Of all the entries below, only the lines from the one with "man and woman" up to and including the one with "A full cast" are to be duplicated exactly.

+++ RECORD EXTRACTS +++

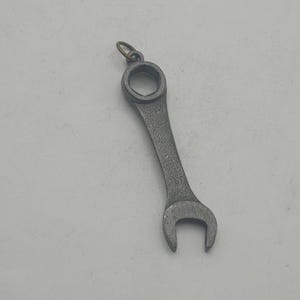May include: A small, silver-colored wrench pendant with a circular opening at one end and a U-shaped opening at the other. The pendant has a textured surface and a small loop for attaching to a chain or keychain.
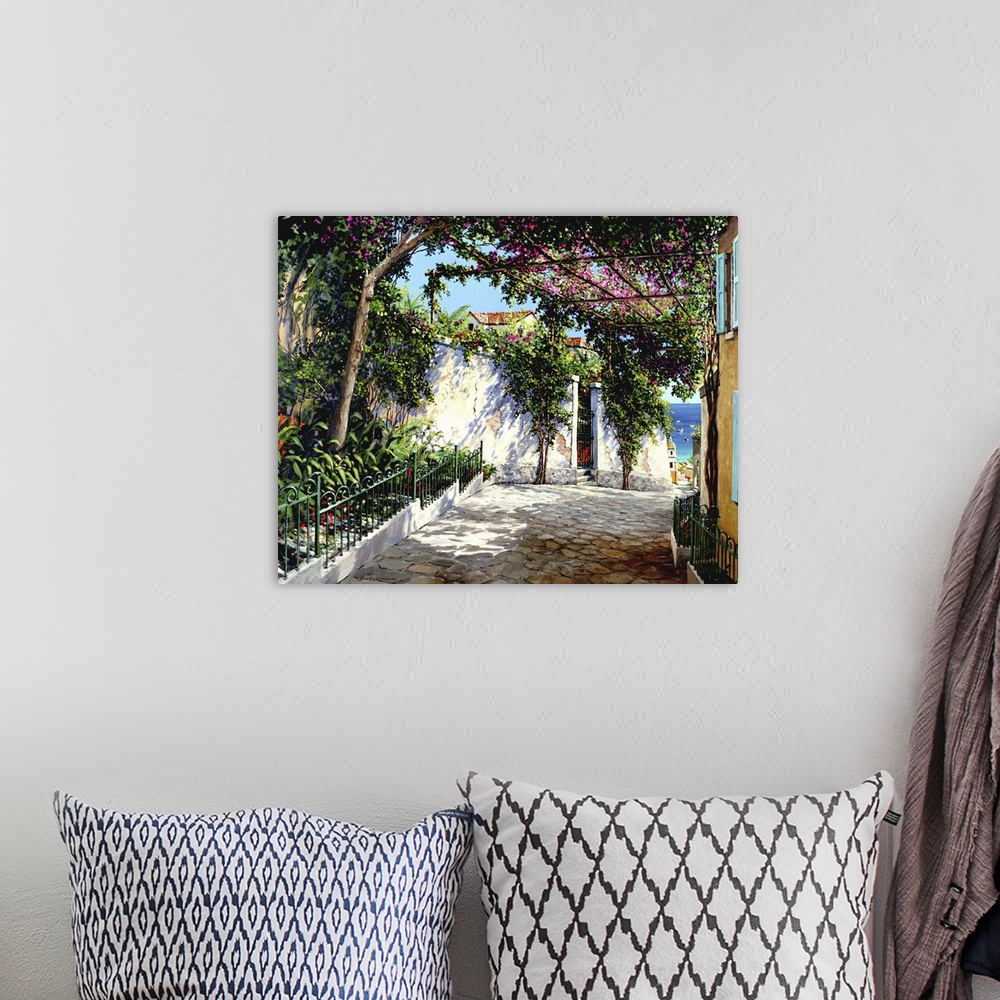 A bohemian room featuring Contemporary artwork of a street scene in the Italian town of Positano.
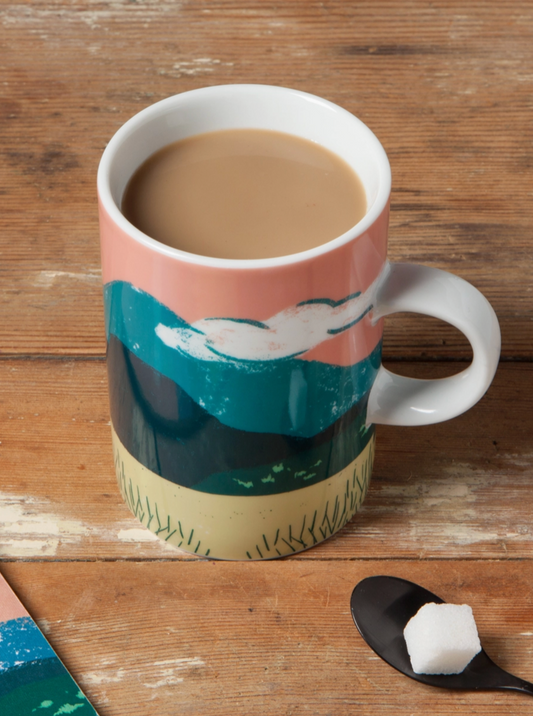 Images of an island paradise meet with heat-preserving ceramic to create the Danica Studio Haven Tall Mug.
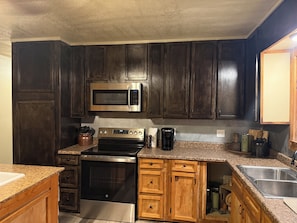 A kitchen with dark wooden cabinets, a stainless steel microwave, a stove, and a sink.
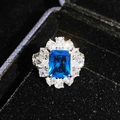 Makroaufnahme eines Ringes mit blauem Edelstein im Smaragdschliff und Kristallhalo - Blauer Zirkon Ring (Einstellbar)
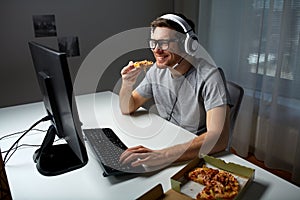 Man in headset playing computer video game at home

+++
+++ RECORD EXTRACTS +++

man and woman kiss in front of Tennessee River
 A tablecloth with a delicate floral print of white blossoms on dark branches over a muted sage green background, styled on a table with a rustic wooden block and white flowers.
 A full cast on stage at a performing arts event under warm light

+++
+++ RECORD EXTRACTS +++

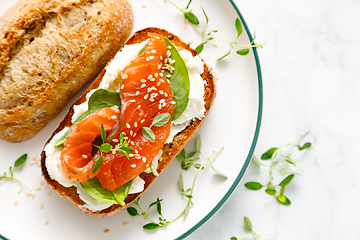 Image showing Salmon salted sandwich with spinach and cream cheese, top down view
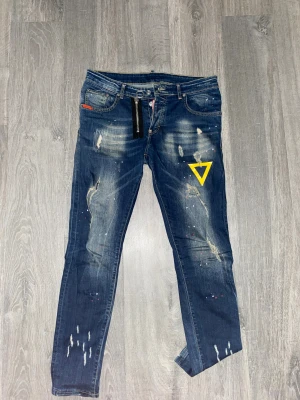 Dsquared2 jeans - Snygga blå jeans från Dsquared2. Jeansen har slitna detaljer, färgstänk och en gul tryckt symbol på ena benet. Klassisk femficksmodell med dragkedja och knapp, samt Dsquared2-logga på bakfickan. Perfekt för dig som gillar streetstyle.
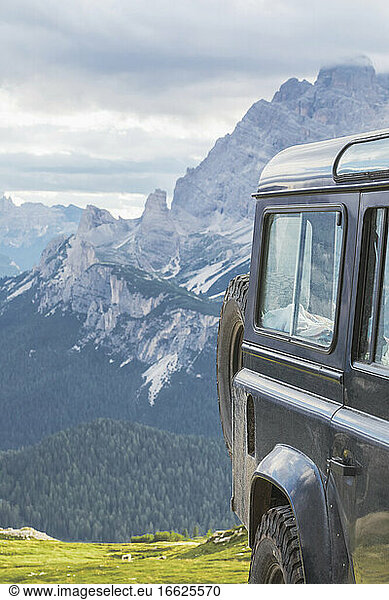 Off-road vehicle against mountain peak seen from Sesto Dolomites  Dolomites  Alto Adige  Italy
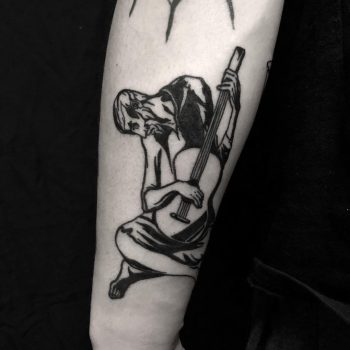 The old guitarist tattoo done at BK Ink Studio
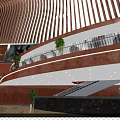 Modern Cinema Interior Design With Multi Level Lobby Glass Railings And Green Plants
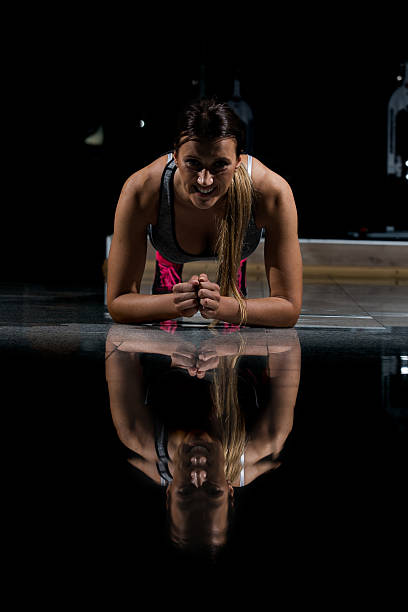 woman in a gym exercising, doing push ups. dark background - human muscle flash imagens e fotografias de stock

+++

● **WRITTEN RESPONSE**
man and woman kiss in front of Tennessee River
 A tablecloth with a delicate floral print of white blossoms on dark branches over a muted sage green background, styled on a table with a rustic wooden block and white flowers.
 A full cast on stage at a performing arts event under warm light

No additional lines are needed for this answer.